Thanks for the response. I did mention at the scoping 'do i need to consider hind gut ulcers' and the, vet just waved me off saying there was no evidence for this. However, the massess of anecdotal evidence ive read cant all be wrong surely?!

I may try him on a hind gut supplement and see if it helps.

Anybody know if feedmarks ulcer calm / gastro comfort is any good for hind gut?


----------



## cptrayes (18 October 2014)

kissing spines often go with ulcers, the ulcers are caused by ks pain. I think you should consider having his back x rayed.


----------



## Wagtail (18 October 2014)

cptrayes said:



			kissing spines often go with ulcers, the ulcers are caused by ks pain. I think you should consider having his back x rayed.
		
Click to expand...

Agree with this. All three confirmed cases of gastric ulcers I have experienced in horses were also found to have kissing spines to varying degrees.


----------



## mega spoilt ponies (18 October 2014)

Thats really interesting thanks guys, i hadnt thought of that link, and the cold-back is the strongest symptom by far.


----------



## Micky (18 October 2014)

I know this may sound daft and I have no experience of ulcers at all but can you also give him natural yogurt in his feed ( one large tbsp), just to help settle flora of the gut esp whilst having the GG etc?


----------



## alsxx (18 October 2014)

What catkin said. My own horse actually got worse/grumpier on GG despite scopes showing ulcers healing. We later pinned down sub clinical acidosis and I have read somewhere that GG can actually irritate a horse with sub clinical acidosis more. 

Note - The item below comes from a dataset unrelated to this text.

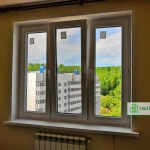 Фото №2 Немецкие окна Rehau и Veka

You could try equishure - it's the only hind gut buffer on the market, expensive but if that's your problem you should see an improvement. If not, probably time to start looking at other issues.


----------



## Goldenstar (18 October 2014)

cptrayes said:



			kissing spines often go with ulcers, the ulcers are caused by ks pain. I think you should consider having his back x rayed.
		
Click to expand...

I would not waste time I would do this at once .


----------



## Nari (18 October 2014)

From personal experience I was also going to suggest Equishure. I also found Gaviscon liquid seemed to help, 40ml syringed into the mouth 2 or 3 times a day & try not to give it within 2 hours of other meds as it can reduce absorption.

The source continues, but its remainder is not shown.